What happens when you run `cp` on the command line? - ingve
https://blog.safia.rocks/post/173365993220/what-happens-when-you-run-cp-on-the-command
======
developer2
Summary of the article if you omit the trace itself:

>> macOS `cp` (*nix not discussed) copies files (somehow, not discussed).
Then, via macOS-specific syscalls, file attributes/metadata are manipulated
(details superficially discussed).

The core functionality of `cp` - namely, copying a file - is not discussed at
all; only the pasted trace gives any insight. There are naive ways one could
do so, such as opening the source for read and destination for write and
iterating X bytes/pages at a time in user space, versus mapping files to
memory, versus instructing the kernel to perform a direct low-level copy.
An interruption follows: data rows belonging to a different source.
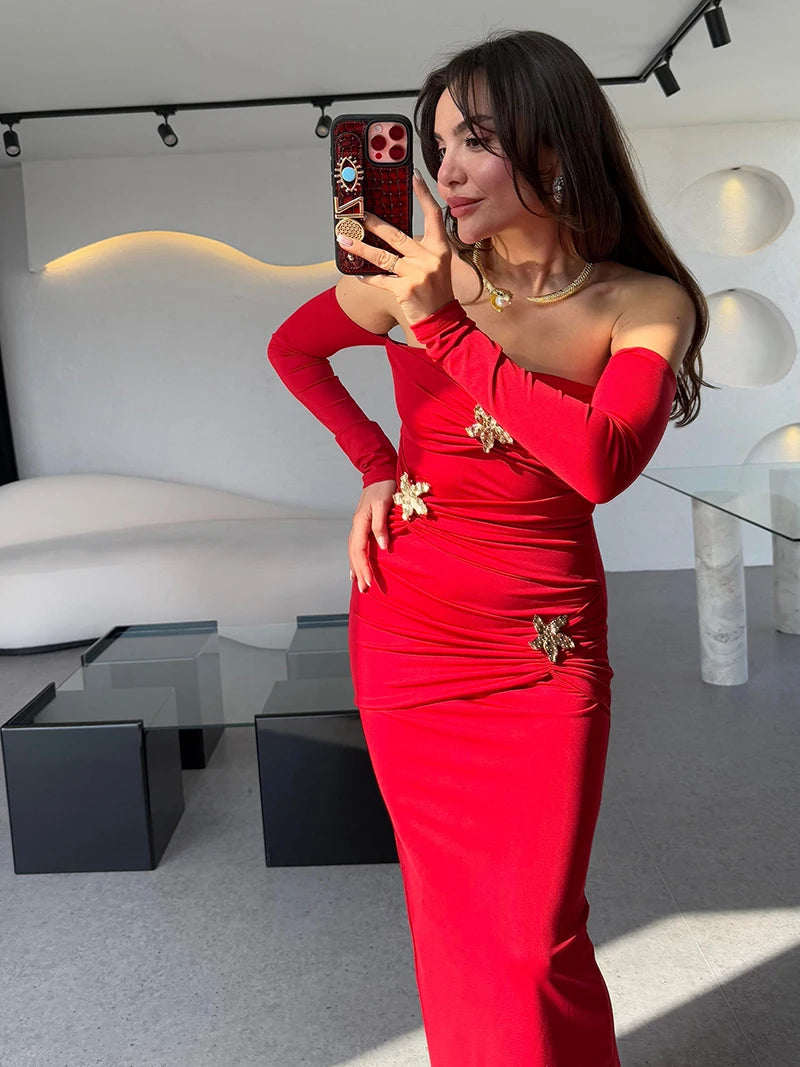 Metal Buckle Strapless Sexy Maxi Dress For Women Off-shoulder Backless Long Sleeve Ruched Bodycon Club Long Dress
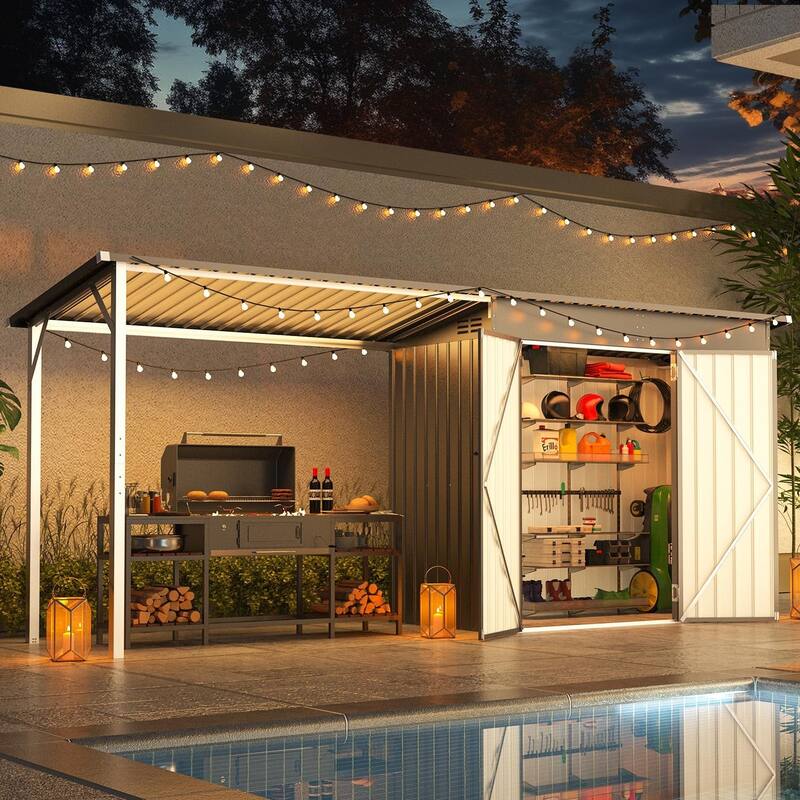 AECOJOY Outdoor Open-Sided Storage Shed Tool Shed Attached Hardtop Metal Pergola Gazebo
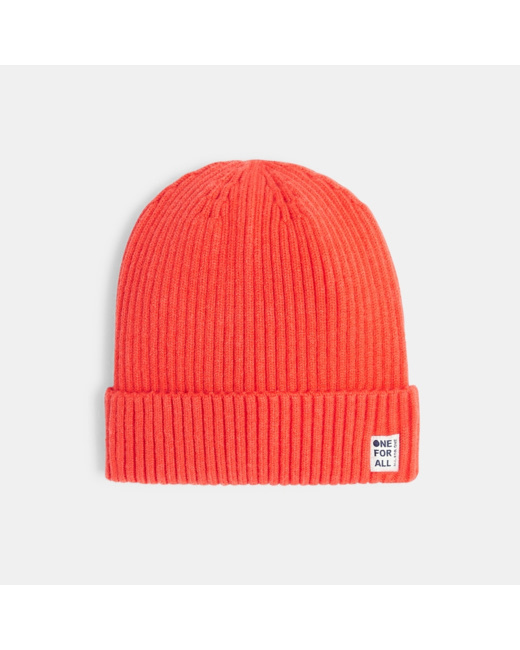 Bonnet en tricot côtelé orange garçon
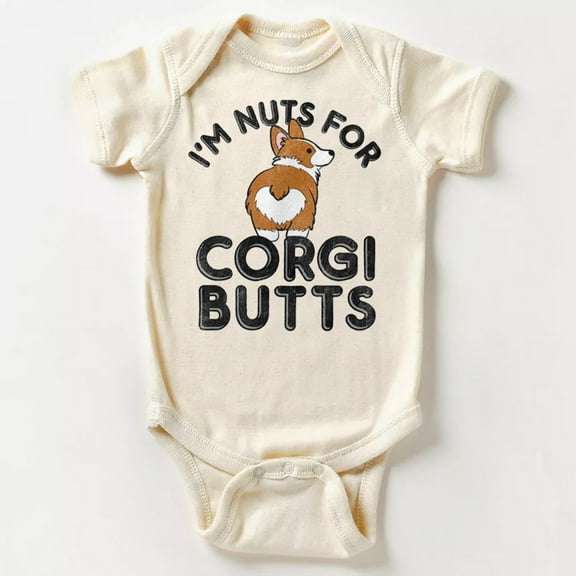 Corgi Butts Baby Bodysuit Cute Baby Onesie, Baby Bodysuit Lat 4424 Cute Baby Onesie, BABY BODYSUIT LAT 4424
I
was expecting such an analysis, and perhaps an idea of how things change
depending on whether the source and destination paths exist on the same
filesystem.

Instead, the only talking points refer to macOS-specific extensions.
References are made to system integrity protection (SIP), flistxattr for
setting attributes, and MAC policies. Yet all we get are descriptions as to
what those subsystems are, without any explanation as to why `cp` is calling
into them. I would assume it's simply to copy file attributes from sources to
destinations (duh), but whether this is the case is not covered.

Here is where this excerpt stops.